(Captioned web image data)
::::::::

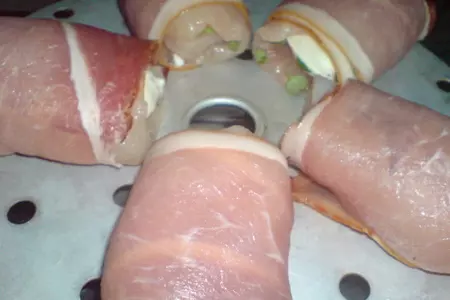 Рулетики из куриной грудинки,пармской ветчины и моццареллы,приготовленные на пару.: шаг 7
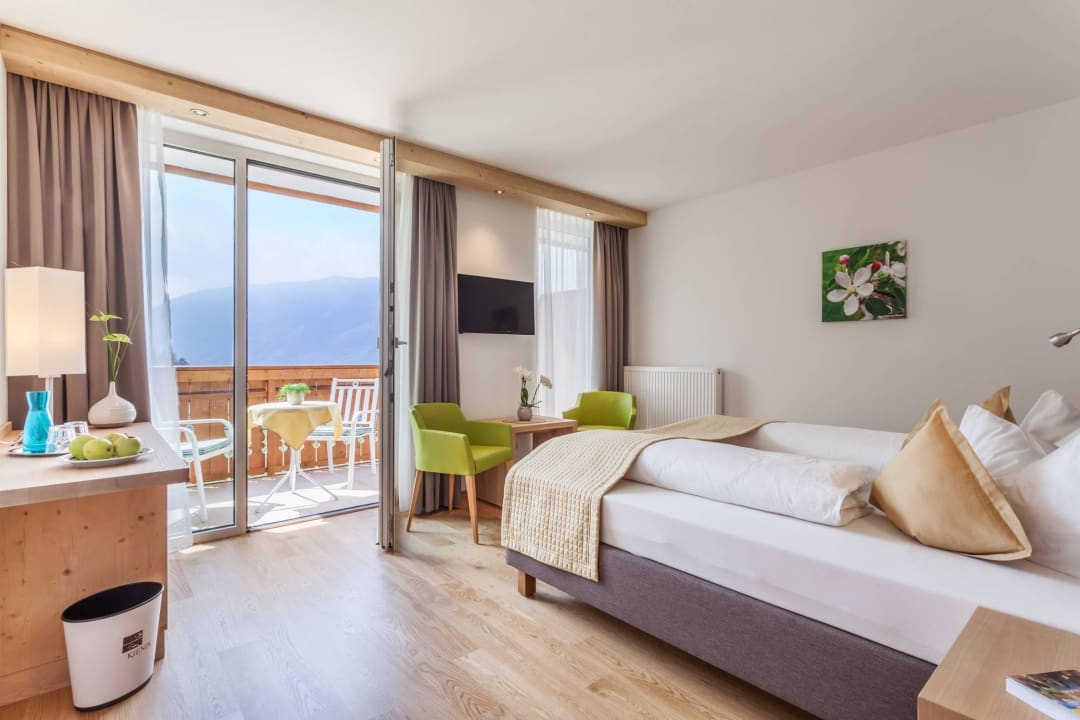 DZ Meraner LAND - NEU 2016 Hotel Kiendl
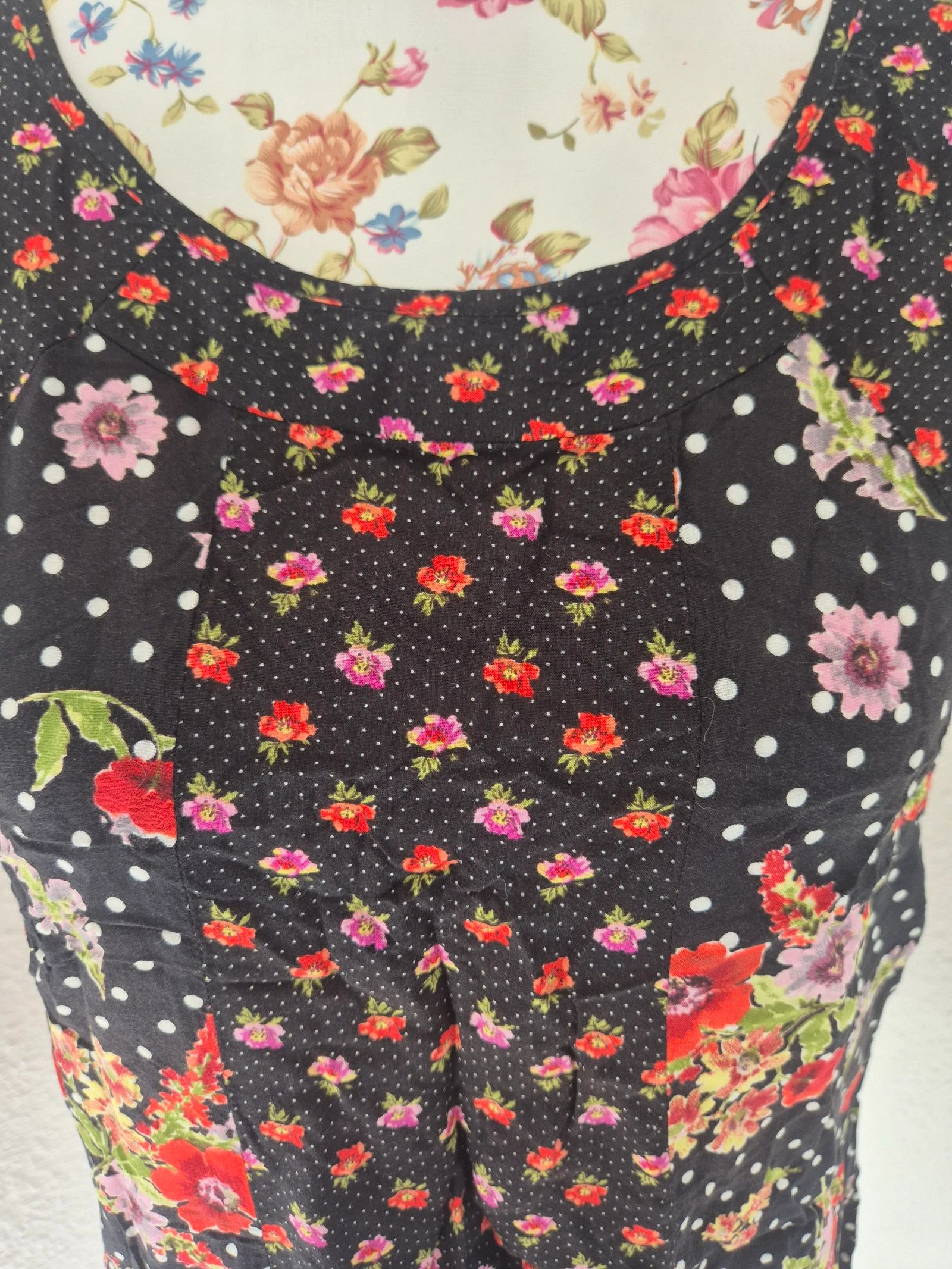 Blusa feminina sem mangas preta com flores e bolinhas T42 fluida leve estampa floral chique verão – photo 3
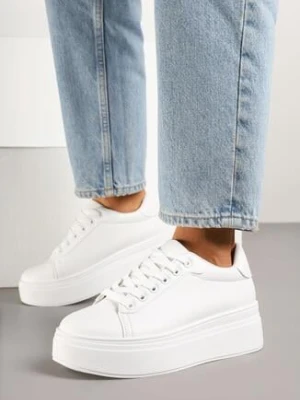 Białe Klasyczne Sneakersy na Grubej Podeszwie Tosirra via giulia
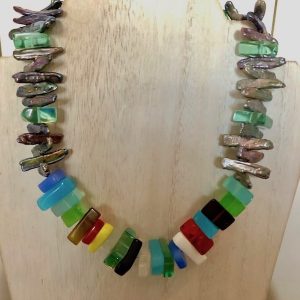 Multicolor glass and freshwater pearl necklace.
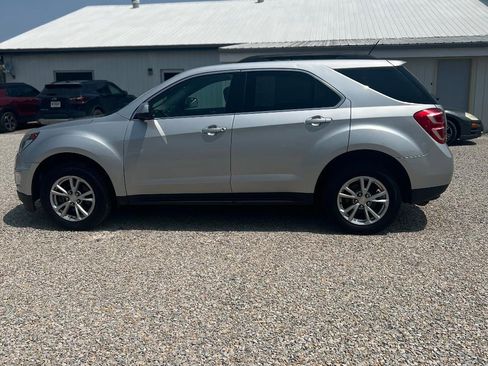 Used 2017 Chevrolet Equinox LT w/ Convenience Package FWD image 4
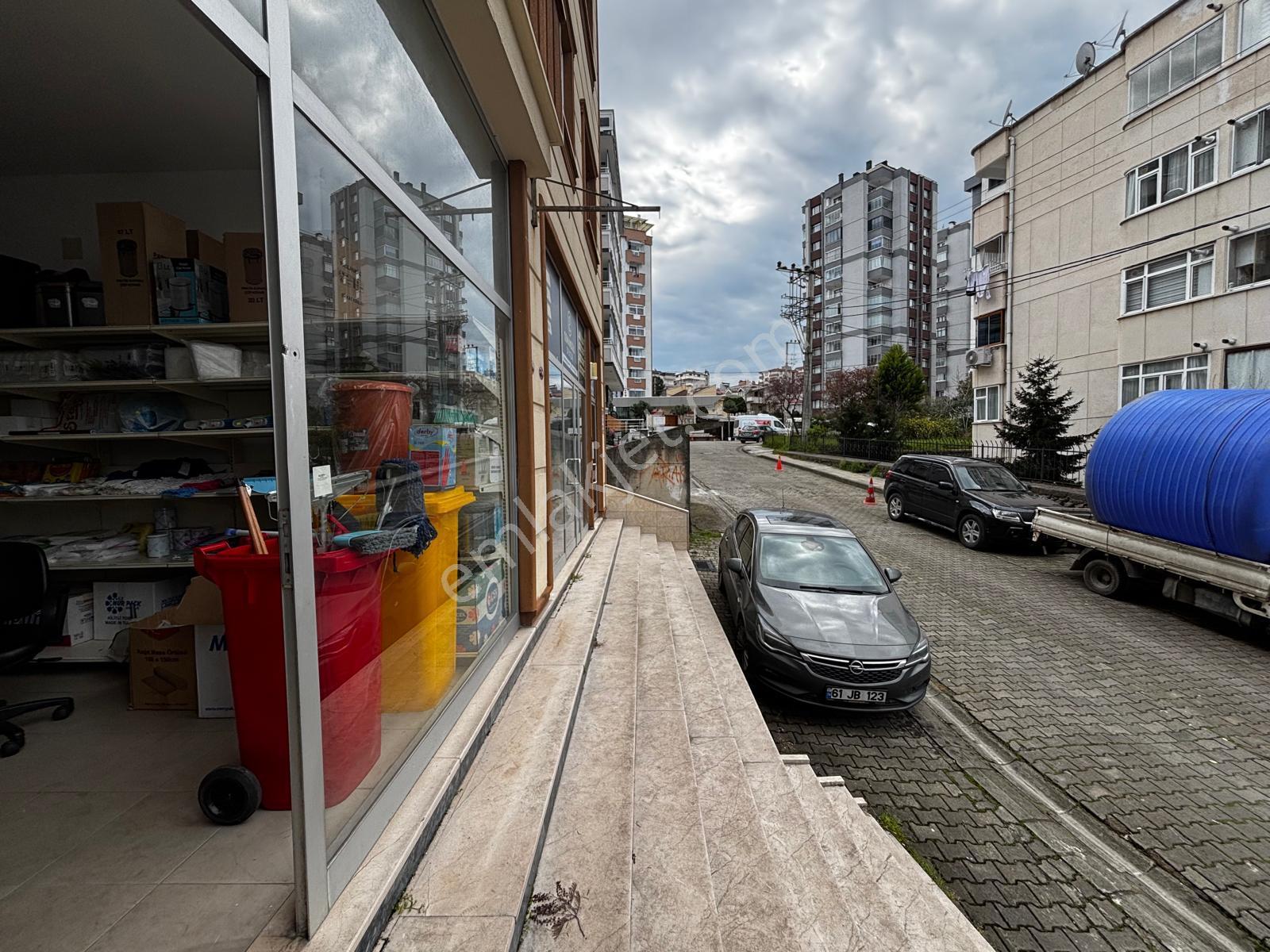 Deha Emlaktan Söğütlüde Kiralık Dükkan - Görsel 3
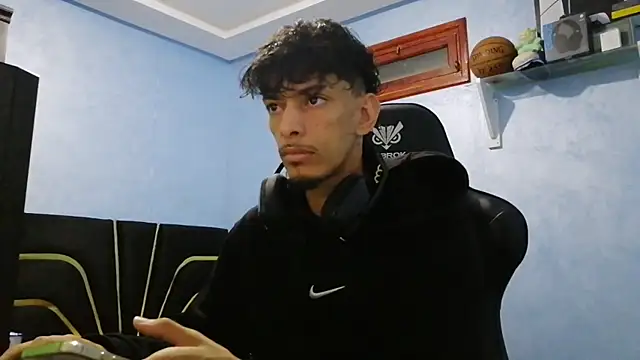 Snapshot of Dark_DesireX chatting on October 28, 11:14 am Dark DesireX online show from October 28, 11:14 am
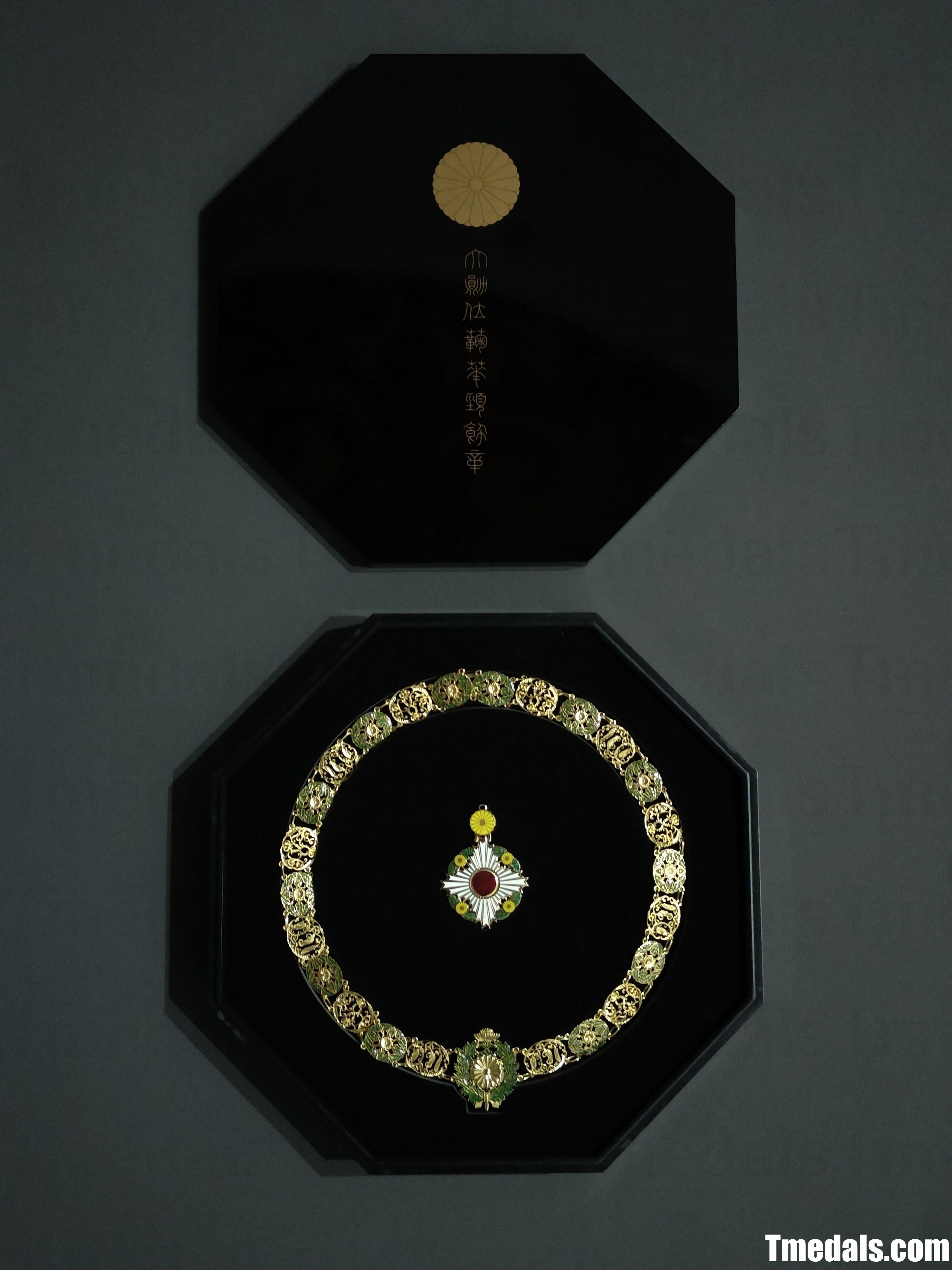 Japan Grand Cordon of the Order of the Chrysanthemum – Full (Copper + Hard Enamel) detail view 22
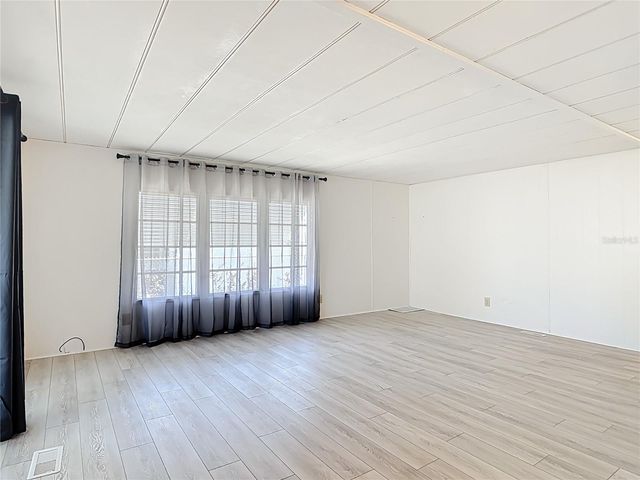 1043 CAPELLA DRIVE, Tavares, FL 32778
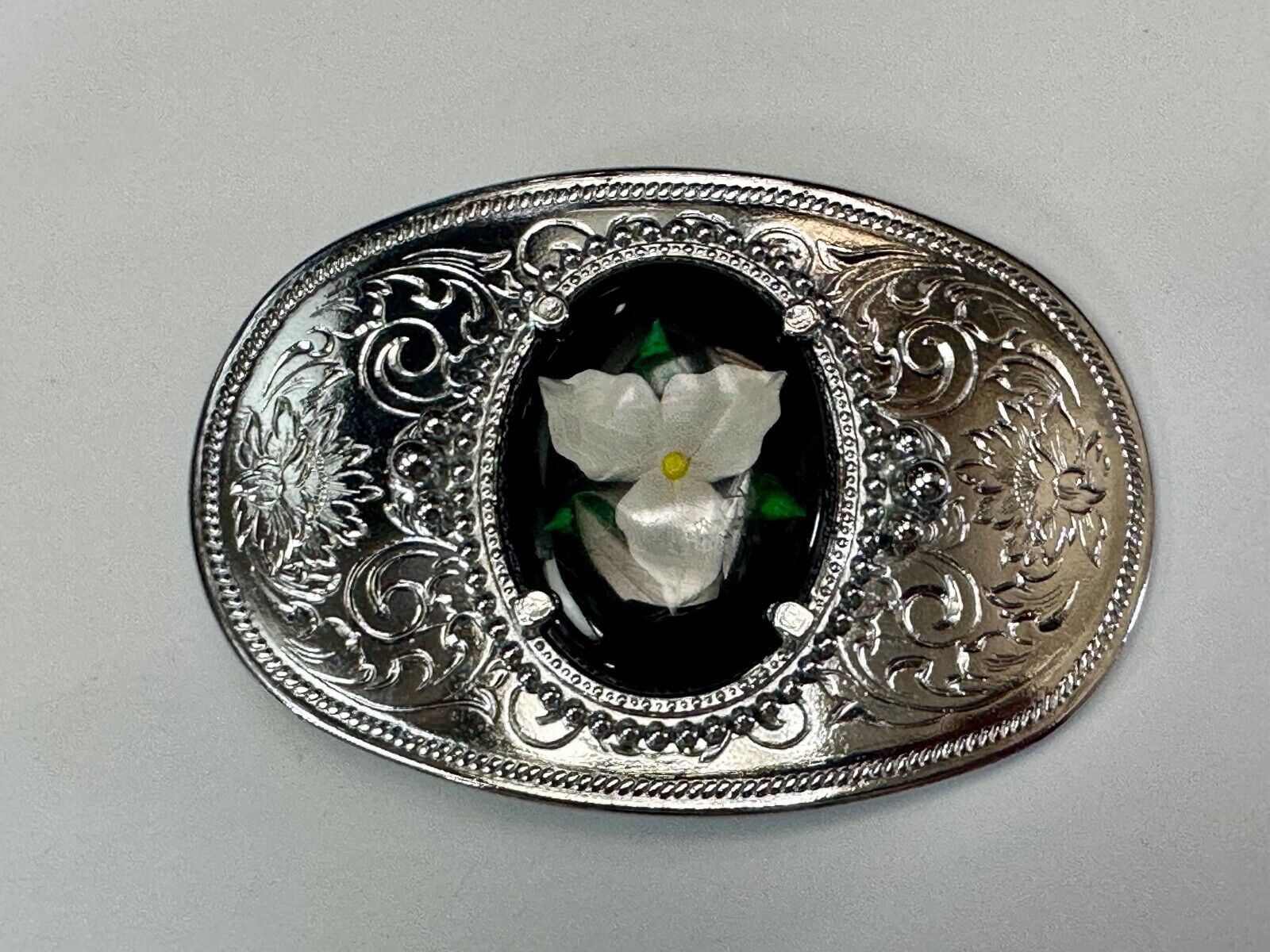 Beautiful Flower as Western oval centerpiece Cab Style belt buckle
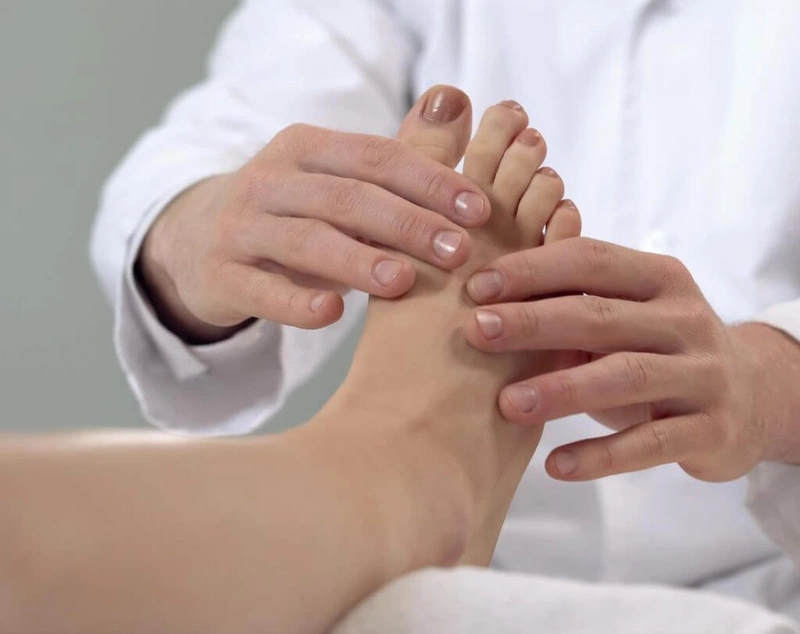 Đau khớp ngón chân cái không sưng có sao không 3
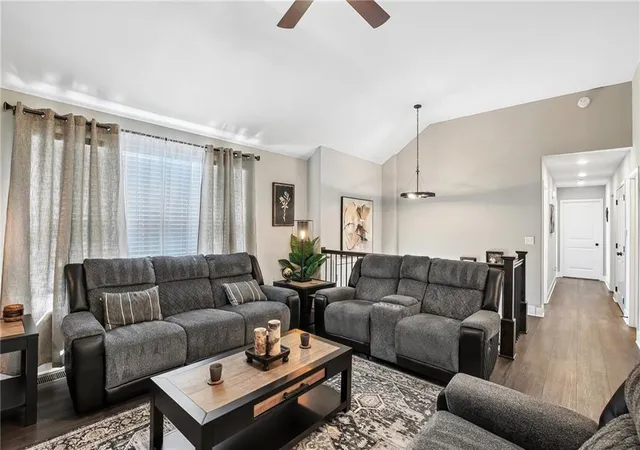 Photo 4 of Single family home for sale at 1000 Nw Crestwood Dr, Grain Valley, MO 64029 | MLS# 2639211 | Listing updated on 2026-09-12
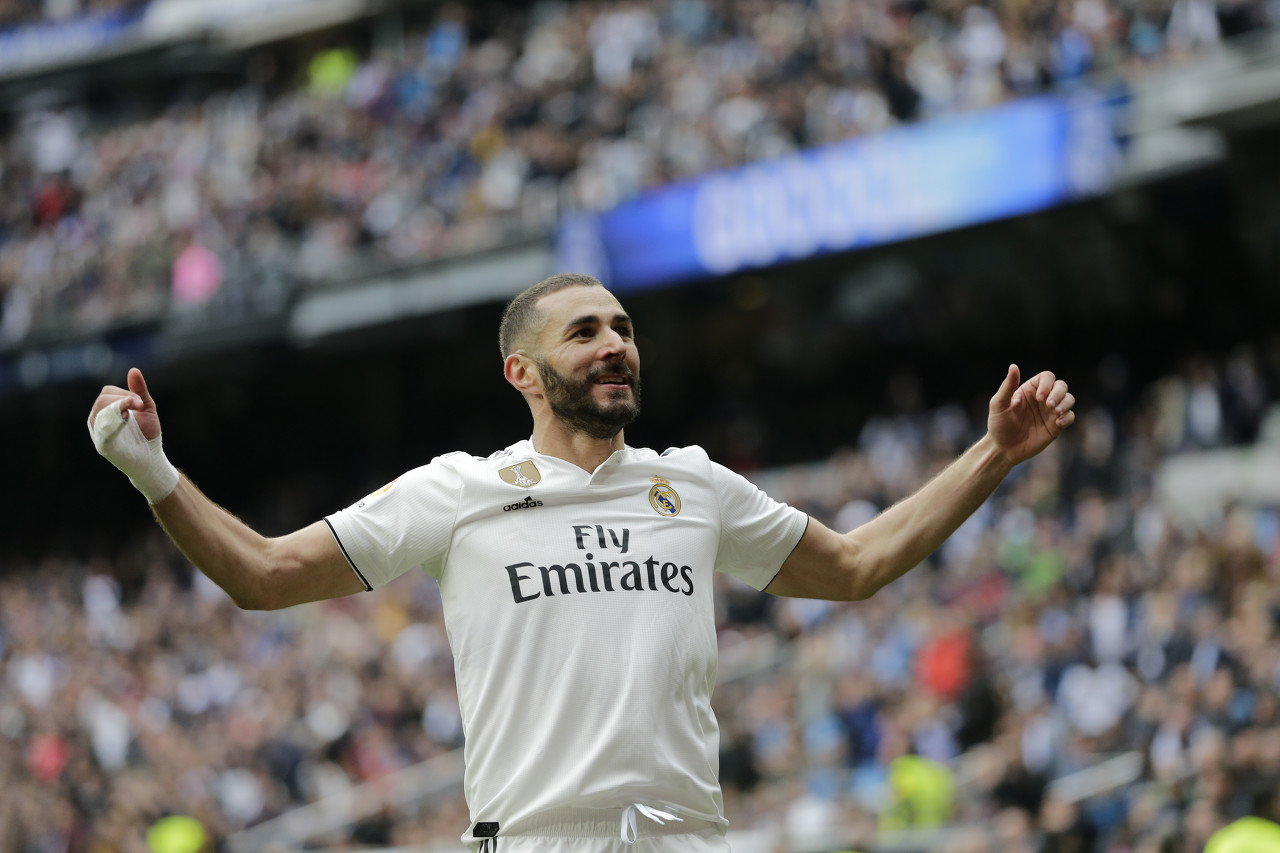 皇马致敬莫德里奇视频,皇马致敬纳瓦斯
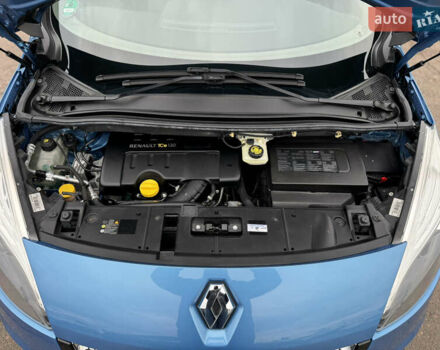 Синий Рено Сценик, объемом двигателя 1.4 л и пробегом 177 тыс. км за 8800 $, фото 81 на Automoto.ua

::::::::

WHAT IS NEEDED
Output each line of the records exactly. Any picture is skipped.

EXERCISE OUTPUT
 Рулетики из куриной грудинки,пармской ветчины и моццареллы,приготовленные на пару.: шаг 7
 DZ Meraner LAND - NEU 2016 Hotel Kiendl
 Blusa feminina sem mangas preta com flores e bolinhas T42 fluida leve estampa floral chique verão – photo 3
 Białe Klasyczne Sneakersy na Grubej Podeszwie Tosirra via giulia
 Multicolor glass and freshwater pearl necklace.
 Used 2017 Chevrolet Equinox LT w/ Convenience Package FWD image 4
 Deha Emlaktan Söğütlüde Kiralık Dükkan - Görsel 3
 Snapshot of Dark_DesireX chatting on October 28, 11:14 am Dark DesireX online show from October 28, 11:14 am
 Japan Grand Cordon of the Order of the Chrysanthemum – Full (Copper + Hard Enamel) detail view 22
 1043 CAPELLA DRIVE, Tavares, FL 32778
 Beautiful Flower as Western oval centerpiece Cab Style belt buckle
 Đau khớp ngón chân cái không sưng có sao không 3
 Photo 4 of Single family home for sale at 1000 Nw Crestwood Dr, Grain Valley, MO 64029 | MLS# 2639211 | Listing updated on 2026-09-12
 皇马致敬莫德里奇视频,皇马致敬纳瓦斯
 Синий Рено Сценик, объемом двигателя 1.4 л и пробегом 177 тыс. км за 8800 $, фото 81 на Automoto.ua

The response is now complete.